これは行くしかないと、半分ポルトガル、半分ベルリンの計画を立て始めた。
ドイツ旅行はいつも個人手配で行っており、初旅行時はベルリンからミュンヘンまで縦断した。
その時はほぼドイツ語を知らない状態で行ったが楽しく旅ができ、帰国後、ドイツ語をかじるようになった。
その時の経験から「語学は少しでも知っておくと旅はより楽しくなる」
旅行を前にまずは先生を探し始めた。
わたしは高を括っていた。
書店にはポルトガル語の参考書がたくさんある。
先生なんてすぐに見つかる、と。
しかし、本腰を入れて探し始めたところ書店で見るのは『ブラジル』ポルトガル語の本で、たくさんいると思っていた先生は『ブラジル』ポルトガル語の先生だった。

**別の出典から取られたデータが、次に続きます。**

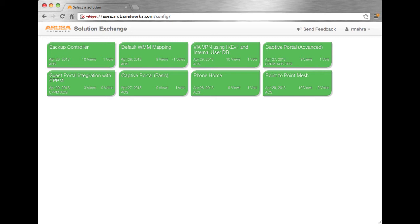In this video, we are going to introduce a new tool called Solution Exchange. Solution Exchange is a tool for users to quickly generate an Aruba configuration template, called a solution.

安易に情報はゲットできると思っていたが、実はそうではない。
わたしが知りたいのはブラジルポルトガル語ではなく、ポルトガルのポルトガル語。
そこでもう少しネットで先生を探し始めると当時、神戸大学の院に在学していたシントラ出身の先生を見つけ、「貴重なネイティブ・・・!」と連絡を取った。
また大阪にもポルトガル料理店を見つけ、友達を付き合わせて訪問した。
リスボン出身のオーナーシェフ・ジョゼさんのお店。
今は移転し、高知県のいの町でベーカリーカフェを経営されている。
訪れた日、偶然我々以外にお客さんがおらず「実は来月、リスボンへ旅行に行くんです」と話すとメニューの余白におススメのレストランを書いて渡して下さった。
今もそれは大事に持っている。
そして20年以上ぶりに読む『ここに地終わり 海始まる』を手にわたしは西の果ての国へ向けて旅立った。
4年後、まさか自分がそこに住むことになろうとも思わずに。